Question

A certain drug is used to treat asthma. In a clinical trial of the​ drug, 21 of 299 treated subjects experienced headaches​ (based on data from the​ manufacturer). At a significance level of 0.05, test the claim that less than 9% of people being treated with the asthma drug experience headaches. Use the P-Value method. Address each of the following questions:

Is this a Is this a left tailed, right tailed or two tailed test?

Are there any conditions that must be met before you can solve this problem?

What is alpha?

What is the Null and Alternative hypothesis?

What formula did you use and what is the test statistic?

What is your decision and what P-Value did you use?

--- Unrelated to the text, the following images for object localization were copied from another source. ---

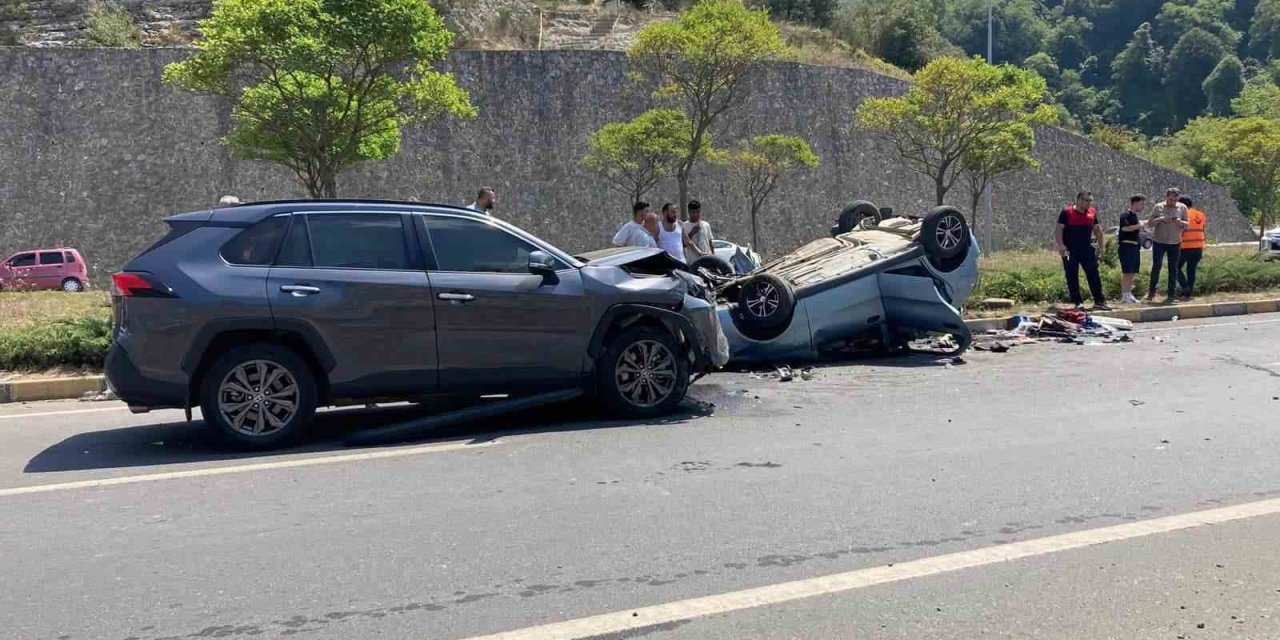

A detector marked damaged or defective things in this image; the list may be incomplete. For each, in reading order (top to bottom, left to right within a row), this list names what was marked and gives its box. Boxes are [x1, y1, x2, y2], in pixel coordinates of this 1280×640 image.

overturned car's wheel [839, 199, 880, 235]
overturned car's wheel [921, 208, 967, 261]
overturned car's wheel [691, 254, 732, 277]
overturned car's wheel [737, 271, 793, 332]
overturned car [701, 204, 977, 366]
overturned car's wheel [202, 345, 320, 450]
overturned car's wheel [599, 325, 691, 419]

In simple terms state the final conclusion that addresses the original claim.

Answer 1

This is a left tailed test

• The sample must be reasonably random
• The sample must be less than 10% of the population
• The sample must be large enough so that:
n• pˆ and n(1 - pˆ ) ≥ 10 for a confidence interval
n• p and n(1 - p) ≥ 10 for the significance test

alpha = 0.05

Below are the null and alternative Hypothesis,
Null Hypothesis, H0: p = 0.09
Alternative Hypothesis, Ha: p < 0.09

Test statistic,
z = (pcap - p)/sqrt(p*(1-p)/n)
z = (0.0702341137123746 - 0.09)/sqrt(0.09*(1-0.09)/299)
z = -1.19

P-value Approach
P-value = 0.117
As P-value >= 0.05, fail to reject null hypothesis.

There is not sufficient evidence to conclude that less than 9% of people being treated with the asthma drug experience headaches.